**The problem**
Return exactly the lines from the start of the records below through the line containing "1905 Eldon St, Grand", both ends included, and leave out the pictures.
##### Entries shown
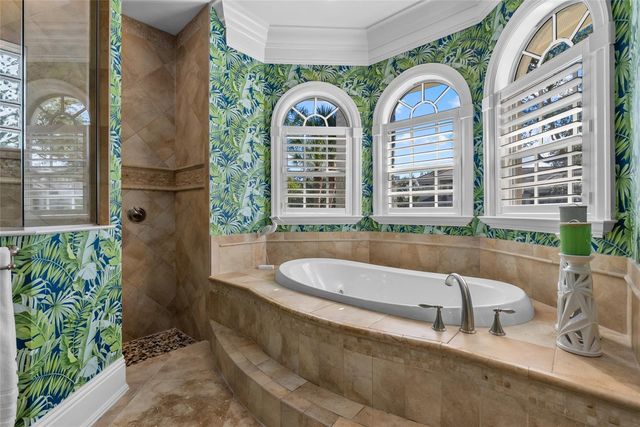 611 TREMONT STREET, Sarasota, FL 34242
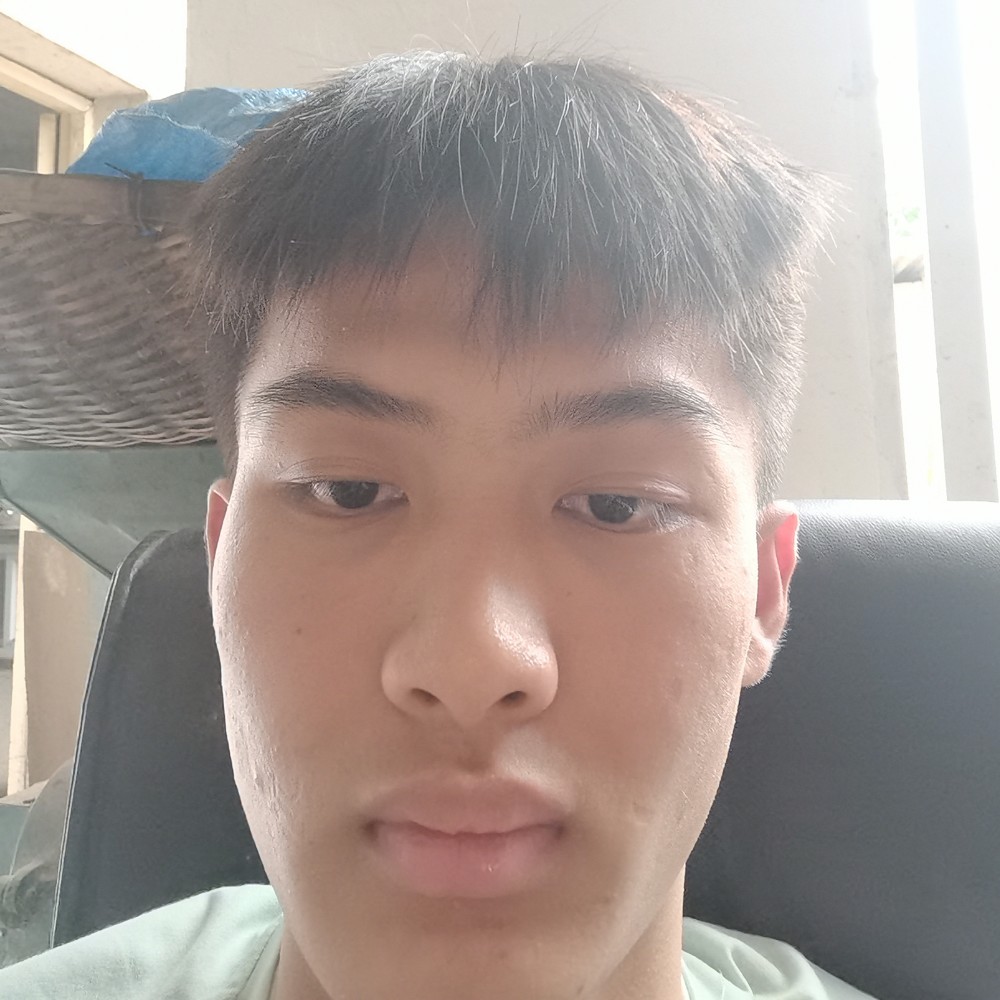 段帅哥。的照片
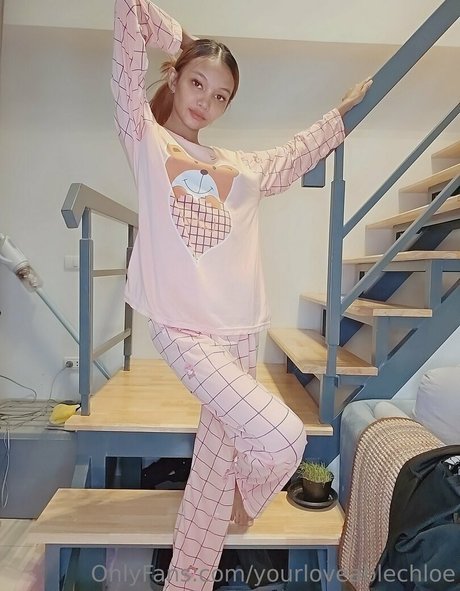 yourloveablechloe exclusive model gallery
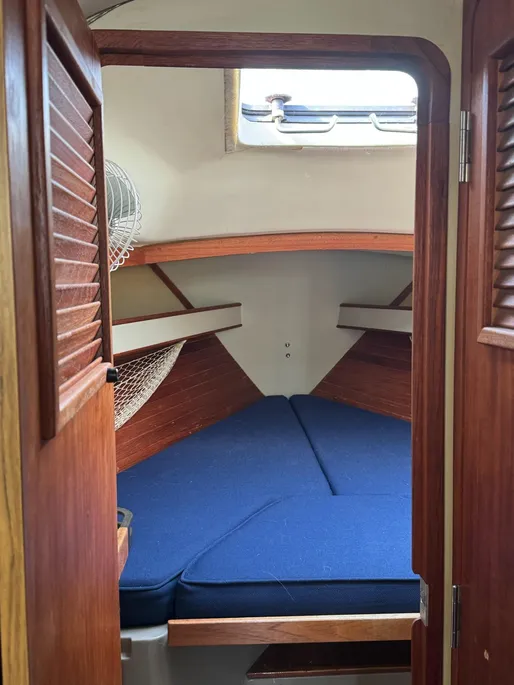 1980 C&C 32 sail boat sleeping quarters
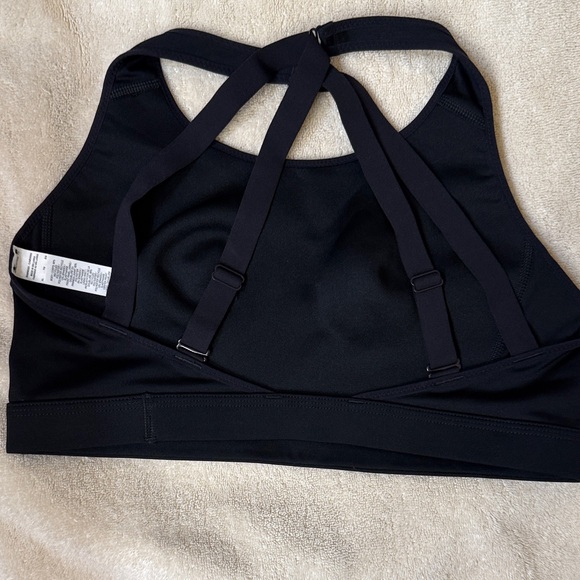 Nike Women's Black Cross-Back Sports Bra - Picture 3 of 4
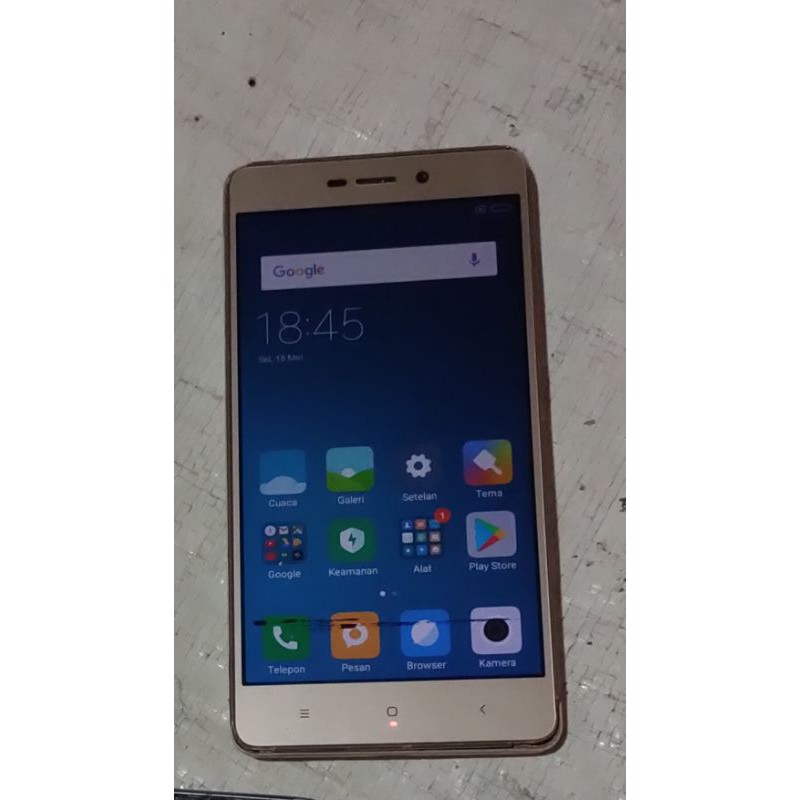 Xiaomi Redmi 3s.  minus layar ada boda hitam  (2/16)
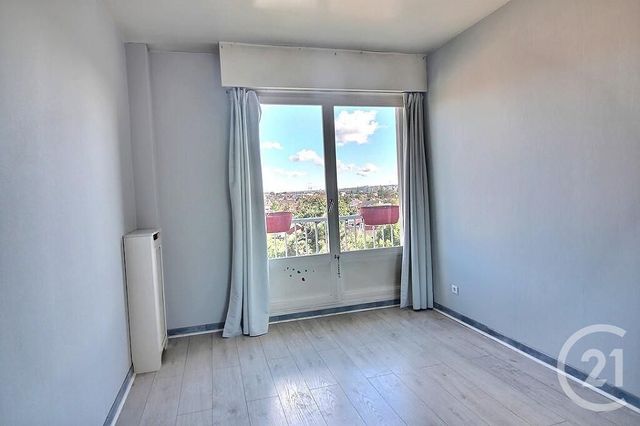 Appartement F4 à vendre - 4 pièces - 77 m2 - Rosny Sous Bois - 93 - ILE-DE-FRANCE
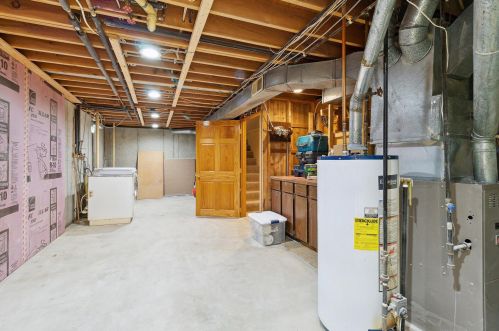 1905 Eldon St, Grand Rapids MI 49525-1549 exterior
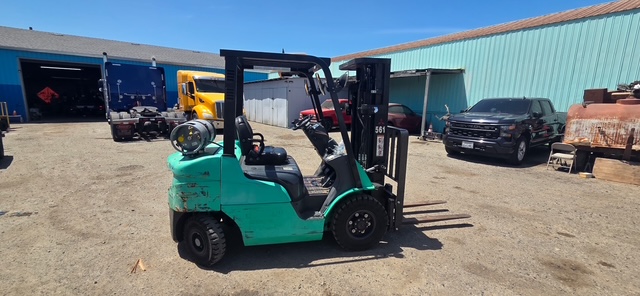 Hyster J40XNT 4,000 lb Electric 3-Wheel Forklift, 2018 – Cushion Tire Warehouse Lift Truck - Image 2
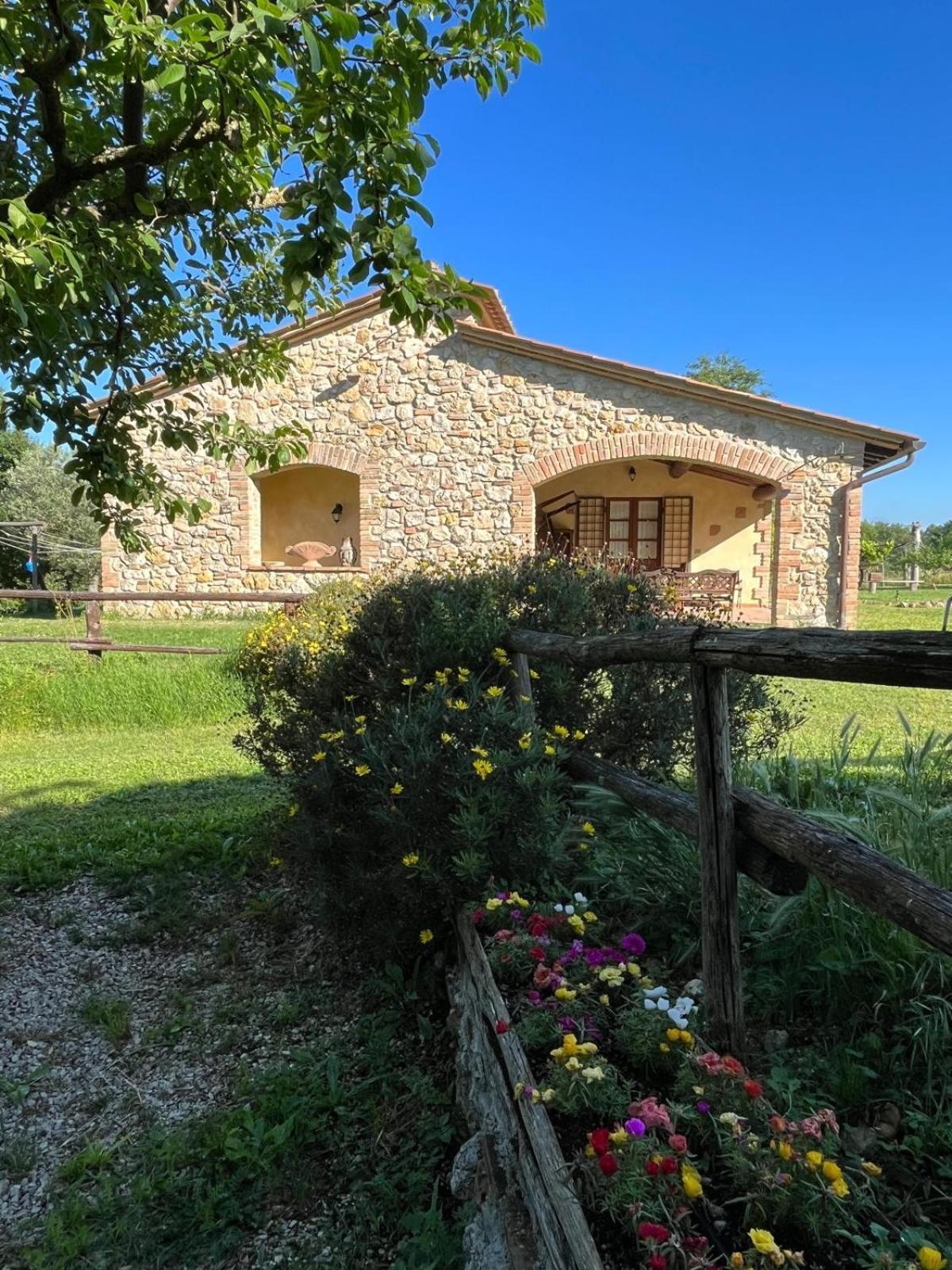 Agriturismo Podere Dell' Olmo 阿米里亚 外观 照片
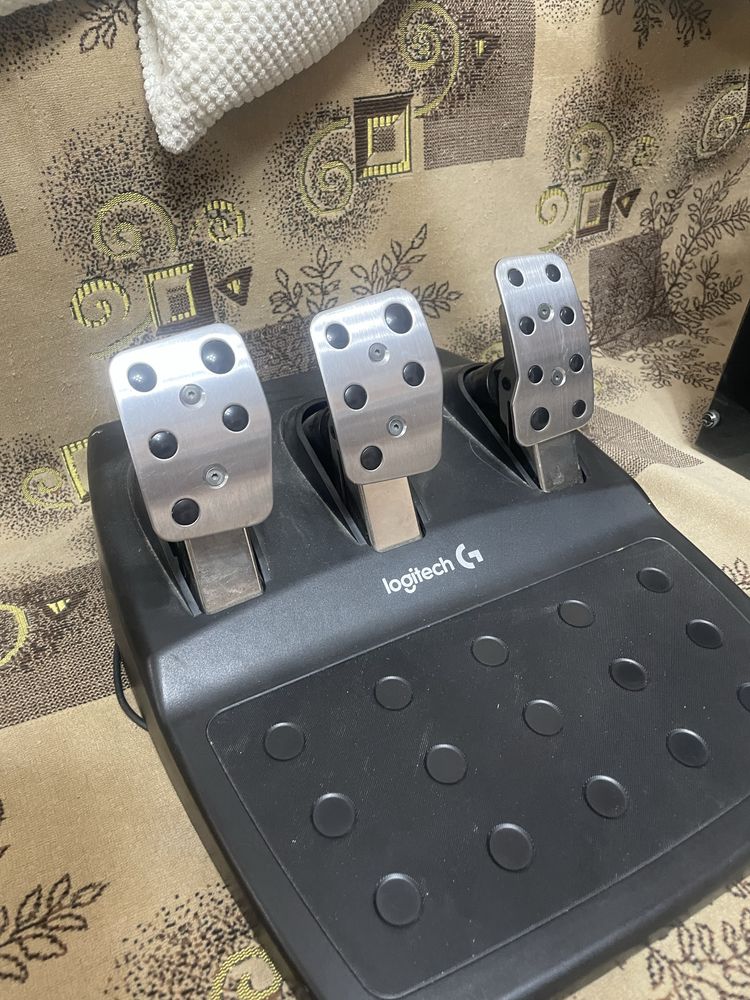 Продаю игровой руль Logitech G29 — почти новый!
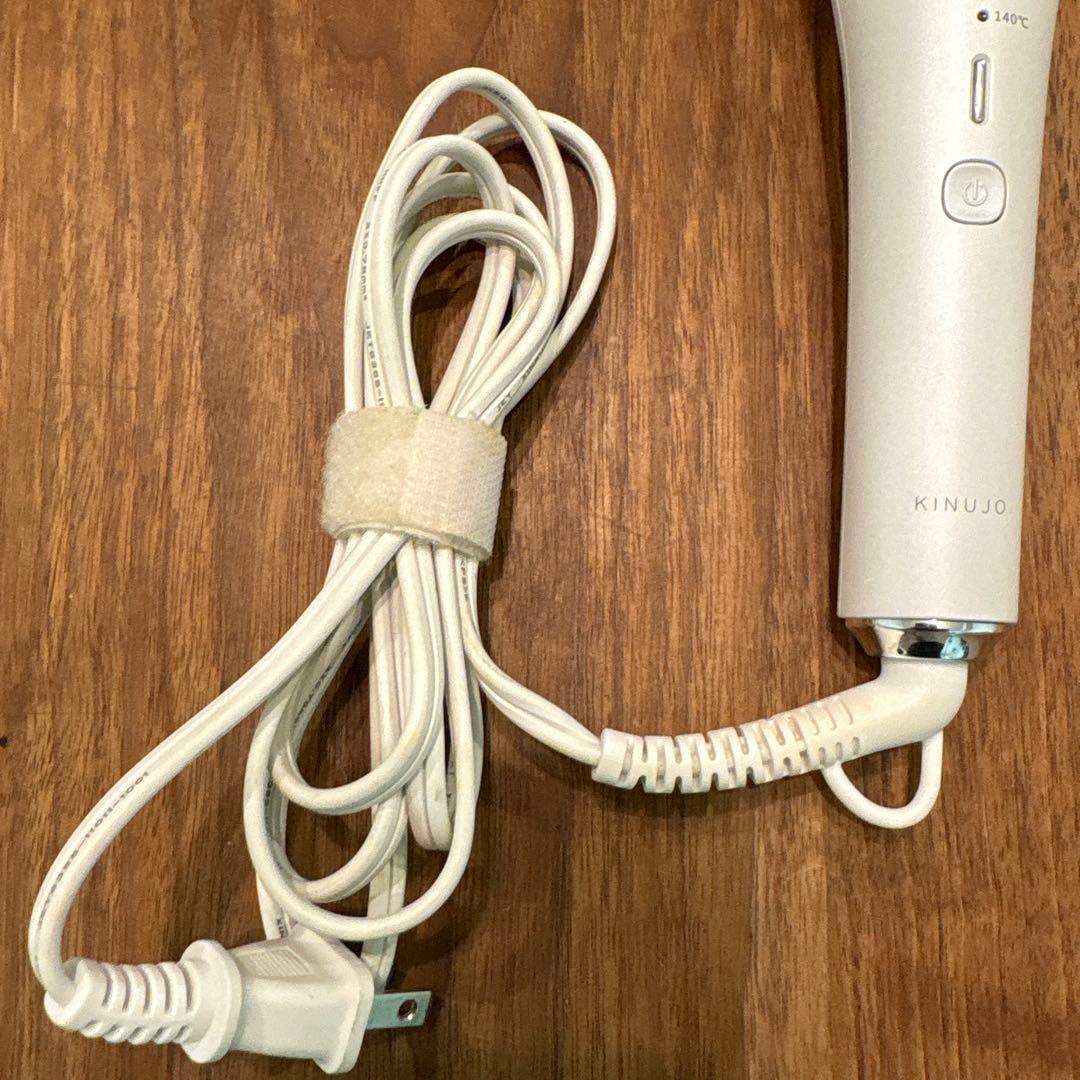 ⭐︎KINUJO（キヌジョ）オートカールヘアアイロンSCS024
##########
**Answer space**
 611 TREMONT STREET, Sarasota, FL 34242
 段帅哥。的照片
 yourloveablechloe exclusive model gallery
 1980 C&C 32 sail boat sleeping quarters
 Nike Women's Black Cross-Back Sports Bra - Picture 3 of 4
 Xiaomi Redmi 3s.  minus layar ada boda hitam  (2/16)
 Appartement F4 à vendre - 4 pièces - 77 m2 - Rosny Sous Bois - 93 - ILE-DE-FRANCE
 1905 Eldon St, Grand Rapids MI 49525-1549 exterior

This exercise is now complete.